Под удивленным взглядом портье (меня же сопровождал полицейский, да еще глубокой ночью) я нажала на кнопку лифта, и мы поднялись на четырнадцатый этаж.
— Присаживайтесь, я сейчас достану папку.
Подойдя к своему чемодану, я открыла его, и только хотела достать папку, лежавшую на самом верху, как поняла, что ее там нет. Я перерыла весь чемодан — папки не было.
Гости с интересом следили за моими манипуляциями. Я вытряхнула содержимое чемодана на диван.

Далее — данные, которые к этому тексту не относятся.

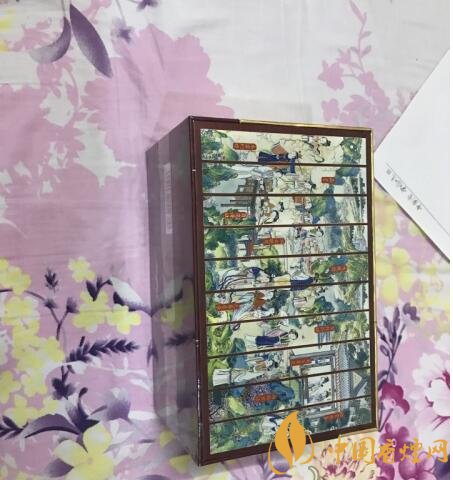 南京細(xì)支香煙有哪幾種，南京細(xì)支香煙價(jià)格盤(pán)點(diǎn)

— Смотрите сами — папки нет.
— Куда она могла подеваться? — спросил полицейский.
— Понятия не имею!
— Что-нибудь пропало еще?
— Подождите… Я не вижу своего ноутбука. Он не поместился в сейф, и поэтому я его спрятала в шкафу, закрыв одеялом. Одеяло на месте, а компьютера нет.
— Что там было? — всполошился пан Кон, и полицейский с подозрением посмотрел на него.
— Много чего. Мои документы, фотографии, текстовый файл с докладом.
— На каком языке?
— На русском. Я же переводила с черновиков пана Маркса, а писала на русском. А теперь ни черновиков, ни компьютера.
— Я должен связаться с подполковником Шуселкой, — сказал Гржебик и принялся вызванивать начальство.
Поговорив несколько минут, он повернулся ко мне:
— Пани Вишневскова, мы с паном Коном уйдем, а вы ложитесь, и никому не открывайте дверь. Утром сюда приедет следственная бригада, и все хорошенько обследуют. Вам понятно?
— Понятно, — кивнула я. У меня не осталось сил. Единственное желание было свалиться на диванчик и заснуть.
Мои гости ушли, я удостоверилась, что дверь заперта и отправилась к диванчику в салоне. Но мне пришла в голову мысль, что я прекрасно высплюсь в спальне, так как никого нет, упала и заснула в полете над подушкой.
* * *
Мне снилось, что надо мной наклонился Денис, похлопывает меня по плечу и говорит, почему-то на иврите: «Валерия, проснись, вставай!»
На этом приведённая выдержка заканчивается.